Reverse Engineered by Kevin Langdon. Additions by Karl von Randow. Integer Reverse Engineered by Martin Schnabel.
Word on the street is that Adobe will be providing the full specification in the fall. I couldn’t wait that long, so here it is. I still have some considerable work before this is easy to understand. Therefore please contact me directly if you have questions or even if you are interested in seeing some source code.
Since then, Adobe has released the specification of the AMF3 protocol
There are now multiple implementations of AMF3 in various Flash projects. View a list of the AMF3 Implementations here.
In its most common use inside Remoting traffic, AMF3 is sent as part of the original AMF0 envelope and body. The AMF3 data is added as a new data type in AMF0, with the code 0×11.
All of these types don’t have any inner data.
0×00 → undefined 0×01 → null 0×02 → boolean-false 0×03 → boolean-true
0×04 → integer type code, followed by up to 4 bytes of data.
Integer-data is probably the single most used item in AMF3. To save space it is an integer that can be 1-4 bytes long. The first bit of the first three bytes determine if the next byte is included (1) in this integer-data or not (0). The last byte, if present, is read completely (8 bits). The first bits are then removed from the first three bytes and the remaining bits concatenated to form a big-endian integer.
The integer has a maximum of 29 bits (3*7+8) and a value range of -268435456(int.MIN_VALUE»3) to 268435455(int.MAX_VALUE»3).
The integer is negative if it is the full 29 bits long and the first bit is set (1). This uses Two's complement notation and is therefore identical to normal signed integer behaviour. So if you read the integer into a 32 bit integer, all you will need to do is extend the sign. See reference code for Parsing Integers.
Examples:
0011 0101 = 53
1000 0001 0101 0100 = 212
1000 0110 1100 1010 0011 1111 = 107839
1111 1111 1111 1111 1111 1111 1111 1111 = -1
1100 0001 1111 1111 1111 1111 1111 1111 = -268435456
1100 0000 1000 0001 1000 0001 1000 0000 = 268435455
In the definitions of other datatypes below, integer-data refers to an integer stored in this format, but without the 0×04 bytecode.
(This sounds like a BER compressed integer)
0×05 → Number type-code followed by 8 bytes of data
Format is the same as an AMF0 Number
string = 0×06 string-data
string-data = integer-data [ modified-utf-8 ]
modified-utf-8 = *OCTET
The last bit of the integer-data element in string-data identifies if this string is an inline string(1) or a string reference(0).
String references are references to an already passed string. String indices start at 0 and are in the order that the inline string is encountered (Note that if the string is of zero length it is not stored for later reference, therefore does not increase the index counter). The index is the remaining bits of the integer-data.

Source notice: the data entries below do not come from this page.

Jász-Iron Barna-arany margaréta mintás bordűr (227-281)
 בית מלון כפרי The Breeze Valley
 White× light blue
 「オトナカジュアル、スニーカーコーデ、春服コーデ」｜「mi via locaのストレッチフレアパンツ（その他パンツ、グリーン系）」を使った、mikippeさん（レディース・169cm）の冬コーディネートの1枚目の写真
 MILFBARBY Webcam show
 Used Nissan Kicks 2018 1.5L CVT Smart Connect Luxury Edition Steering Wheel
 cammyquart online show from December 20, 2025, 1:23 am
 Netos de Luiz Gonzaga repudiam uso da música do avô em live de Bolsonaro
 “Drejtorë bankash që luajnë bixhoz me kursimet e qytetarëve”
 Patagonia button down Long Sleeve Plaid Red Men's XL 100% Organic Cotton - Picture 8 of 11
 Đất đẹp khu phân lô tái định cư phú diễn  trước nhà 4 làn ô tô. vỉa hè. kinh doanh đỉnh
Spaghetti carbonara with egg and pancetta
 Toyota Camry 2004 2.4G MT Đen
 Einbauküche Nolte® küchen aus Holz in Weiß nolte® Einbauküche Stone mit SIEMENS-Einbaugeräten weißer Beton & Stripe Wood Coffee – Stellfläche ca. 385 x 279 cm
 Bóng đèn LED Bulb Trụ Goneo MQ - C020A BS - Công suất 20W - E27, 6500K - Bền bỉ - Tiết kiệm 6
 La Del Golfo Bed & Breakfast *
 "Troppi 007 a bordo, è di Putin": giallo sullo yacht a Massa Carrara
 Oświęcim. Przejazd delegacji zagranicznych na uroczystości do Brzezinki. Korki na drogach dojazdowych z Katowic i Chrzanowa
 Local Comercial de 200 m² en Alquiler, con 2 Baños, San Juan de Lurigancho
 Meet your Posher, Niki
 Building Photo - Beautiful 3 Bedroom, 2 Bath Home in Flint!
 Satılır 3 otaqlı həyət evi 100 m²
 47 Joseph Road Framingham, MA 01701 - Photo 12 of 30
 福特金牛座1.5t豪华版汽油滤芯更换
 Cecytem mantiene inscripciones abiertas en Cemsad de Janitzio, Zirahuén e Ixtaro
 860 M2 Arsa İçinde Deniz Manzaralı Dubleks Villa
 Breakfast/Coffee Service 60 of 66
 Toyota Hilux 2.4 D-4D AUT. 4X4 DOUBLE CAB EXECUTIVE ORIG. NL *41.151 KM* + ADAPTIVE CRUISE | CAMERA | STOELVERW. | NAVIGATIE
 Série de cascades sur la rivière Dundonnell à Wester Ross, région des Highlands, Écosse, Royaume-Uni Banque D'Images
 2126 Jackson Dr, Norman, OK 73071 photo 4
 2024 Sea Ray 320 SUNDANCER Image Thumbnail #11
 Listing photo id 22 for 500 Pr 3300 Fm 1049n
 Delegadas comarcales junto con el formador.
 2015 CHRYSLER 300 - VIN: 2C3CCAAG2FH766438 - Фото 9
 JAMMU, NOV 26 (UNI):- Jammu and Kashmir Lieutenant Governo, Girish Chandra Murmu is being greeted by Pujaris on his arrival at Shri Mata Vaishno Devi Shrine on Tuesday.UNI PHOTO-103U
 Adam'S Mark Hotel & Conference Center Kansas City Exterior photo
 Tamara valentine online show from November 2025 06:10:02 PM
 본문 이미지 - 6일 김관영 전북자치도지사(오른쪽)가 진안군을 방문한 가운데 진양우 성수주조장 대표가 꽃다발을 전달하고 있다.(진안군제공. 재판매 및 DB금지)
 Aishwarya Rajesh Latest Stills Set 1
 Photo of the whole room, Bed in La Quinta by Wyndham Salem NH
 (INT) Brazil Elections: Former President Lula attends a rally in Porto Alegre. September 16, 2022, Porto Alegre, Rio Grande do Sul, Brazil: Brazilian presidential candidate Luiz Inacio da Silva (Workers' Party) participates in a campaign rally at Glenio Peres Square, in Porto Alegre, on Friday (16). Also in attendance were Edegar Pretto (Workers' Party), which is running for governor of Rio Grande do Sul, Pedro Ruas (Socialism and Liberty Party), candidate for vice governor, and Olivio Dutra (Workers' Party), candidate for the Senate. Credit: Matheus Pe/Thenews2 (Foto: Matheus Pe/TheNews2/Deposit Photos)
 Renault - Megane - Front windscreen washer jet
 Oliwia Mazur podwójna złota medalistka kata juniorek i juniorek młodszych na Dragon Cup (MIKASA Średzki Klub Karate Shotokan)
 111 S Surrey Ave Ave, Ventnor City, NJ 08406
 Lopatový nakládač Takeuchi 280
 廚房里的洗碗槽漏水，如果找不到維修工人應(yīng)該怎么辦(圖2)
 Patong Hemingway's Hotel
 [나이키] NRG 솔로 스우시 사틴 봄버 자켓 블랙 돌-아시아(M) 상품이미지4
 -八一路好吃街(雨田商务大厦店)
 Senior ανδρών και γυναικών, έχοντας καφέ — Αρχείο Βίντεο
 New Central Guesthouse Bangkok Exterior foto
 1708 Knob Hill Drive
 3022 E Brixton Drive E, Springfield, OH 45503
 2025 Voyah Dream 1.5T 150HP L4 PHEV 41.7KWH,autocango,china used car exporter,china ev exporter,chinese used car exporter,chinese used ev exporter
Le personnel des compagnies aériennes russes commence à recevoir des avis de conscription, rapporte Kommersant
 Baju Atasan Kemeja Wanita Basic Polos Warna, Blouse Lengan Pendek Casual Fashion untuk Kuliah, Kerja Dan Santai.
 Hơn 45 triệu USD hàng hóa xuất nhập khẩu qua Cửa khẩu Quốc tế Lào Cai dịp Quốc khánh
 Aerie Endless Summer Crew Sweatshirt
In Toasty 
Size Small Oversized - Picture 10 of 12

For inline strings the remaining bits of the integer-data specify the byte length of the string (this is contrary to regular utf-8 storage where 2 bytes or 4 bytes specify the length of the byte string to follow). Those bytes are parsed using modified utf-8. For more on modified utf-8 see modified utf-8 on wikipedia
0×07 ⇒ XML type code followed by a string (excluding 0×06 flag, including length integer). This type will apparently only be used for the legacy XMLDocument class.
date = 0×08 integer-data [ number-data ]
The last bit of the integer-data element identifies if this date is an inline date(1) or an object reference(0). Object references are references to an already inlined object. Object references start at 0 and are in the order that the objects are defined. Object references include dates, arrays, and objects.
The number data represents the data as the number of milliseconds since January 1, 1970, 00:00:00 GMT. This is the same value as output from Date.getTime() in ActionScript.
Unlike AMF0 there is no timezone information included.
array = 0×09 integer-data ( [ 1OCTET *amf3-data ] | [OCTET *amf3-data 1] | [ OCTET *amf-data ] )
The last bit of the integer-data element identifies if this array is an inline array(1) or an object reference(0). Object references are references to an already inlined object. Object references start at 0 and are in the order that the objects are defined. Object references include dates, arrays, and objects.
For array references the remaining bits of the integer-data are the index of the referenced array.
For inline arrays the remaining bits of the integer-data declare the number of integer-indexed elements in the array.
Because in ActionScript arrays may also contain non-integer keys, key value pairs follow next. The key value pairs stop when an empty string is encountered for key name.
For “normal” arrays (not containing string keys), the array data is then preceded with a single octet (1), which is the empty string. The array elements then proceed as amf3-data.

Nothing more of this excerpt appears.